While Tonga couldn't be beaten on Saturday, Community leader Manase Lua says fans also remained undefeated with the sea of red returning in full force.
"The boys played out of their skin. They played for the community. They played for King and Country. They made us all proud," he said.
"At the end of the day, all the drama, all the politics aside, the community rallied together and this was the team that the people all backed. They didn't care about all the noise and the drama outside. All we wanted was to make sure the players were able to play and that our supporters were there to back them."
Mr Lua pushed a heavy campaign over the past few weeks calling on fans to back the team despite a tumultuous few months behind the scenes for the players and their management.
After Tonga's 14-6 victory over the British Lions the previous weekend, the Tonga National Rugby League board agreed to withdraw from legal proceedings in Tonga's supreme court, leaving the government and the International Rugby League Federation to determine which sporting body in Tonga will be recognised as the official governing body of the game in Tonga.
But the noisy politics were drowned out on Saturday night when Tonga's powerful defence sent the sea of red fans into uproar - the vast majority of them making up the 25,000 filling the Eden Park stadium.
The Pacific Island nation pulled off the biggest upset in international rugby league on Saturday night in their final match of the Oceania Cup tournament, becoming the first tier-two country to knock over Australia with a stunning 16-12 victory at Eden Park.
Mr Lua says what players have sacrificed to put on the red jersey for Tonga is a huge deal for the people of Tonga.
"They've made personal sacrifices beyond actual reason and logic because most people at their level would have opted to play for the Kiwis or Australia if they were given that option.
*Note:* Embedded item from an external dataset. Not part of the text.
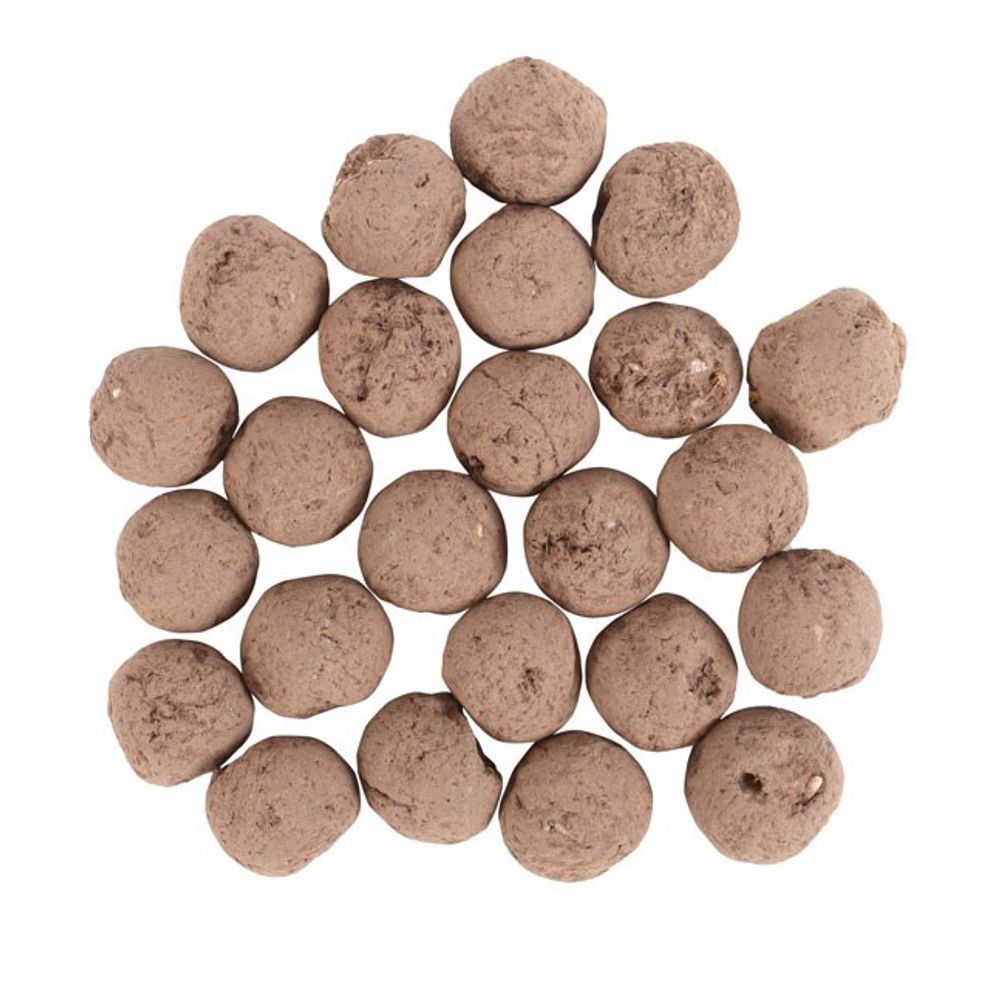 24 English Wildflower Garden Seed Balls - With Gift Bag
But they chose, first up, to play for little Tonga for a few hundred bucks stipend - not a lot, compared to the tens of thousands they would've earned, all the huge support and all the resources that they get when you play for a Tier 1," said Mr Lua.
"So they did this for the jersey, they did this for their passion for their King and country and they did it firstly and most of all for their fans."
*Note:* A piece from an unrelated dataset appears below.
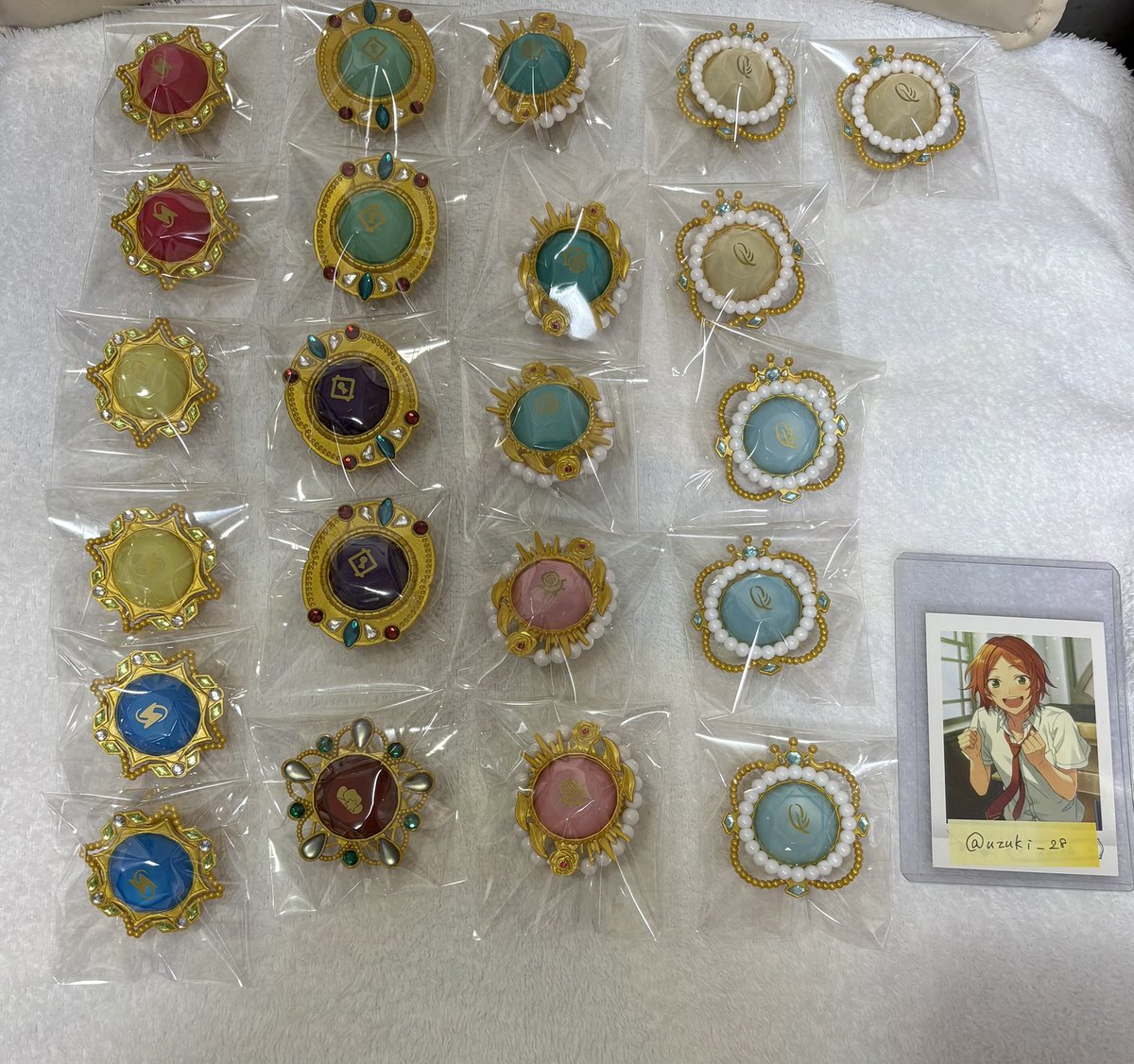 卯月@取引垢 tweet media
Tonga's Rugby League board secretary, William Edwards, told First Up the board had sought to review coach Kristian Woolf's contract and pointed out that under his leadership, the team had lost their last three games.
But Mr Lua says their latest unprecedented victories over the British Lions and current reigning World Champion Australia has put doubts over the team's capability to rest.
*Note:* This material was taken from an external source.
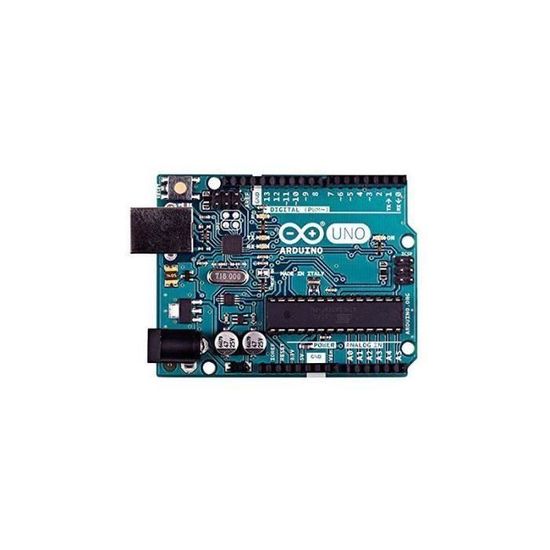 Arduino Uno R3 Microcontroller A000066 - Cdiscount Bricolage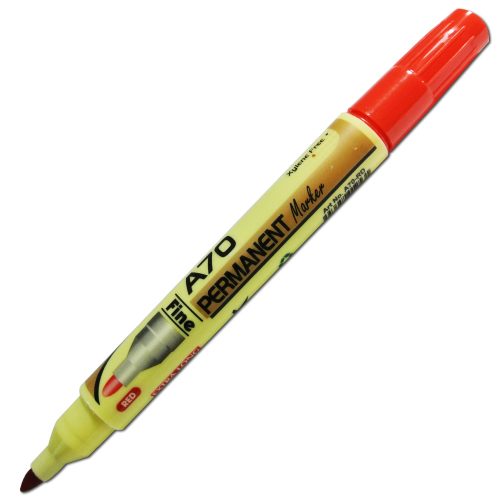 Permanent Marker Ref A70
Fine Red
Yosogo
"Actually a lot of the reasons why the team had probably lost their previous games was all the friction happening outside of the field. But what the boys have learnt is that put that aside and focus on what they do because the team should never have been dragged in the middle of all of this," said Mr Lua.
"All of that stuff is indicative of problems at a governance level in Tonga and that needs to be sorted out. But for the kiwi community here - we're like - 'we'll let you guys sort that stuff out, we're going to back our boys."
Now the star players of Tonga's Kau To'a league team and their massive community of fans are setting their sights on a world cup victory.
Mr Lua says fans are hopeful Tonga will have a genuine chance to win the 2021 World Cup.
"We're a humble little country, we're not going to count our chickens before they hatch but you know, we've got a lot of work to do. It's a long time ahead and Australia will be back. You know Australia, they are the world champions and there's a reason why and we know there's a huge mountain to climb but if anyone can climb it, it's Tonga."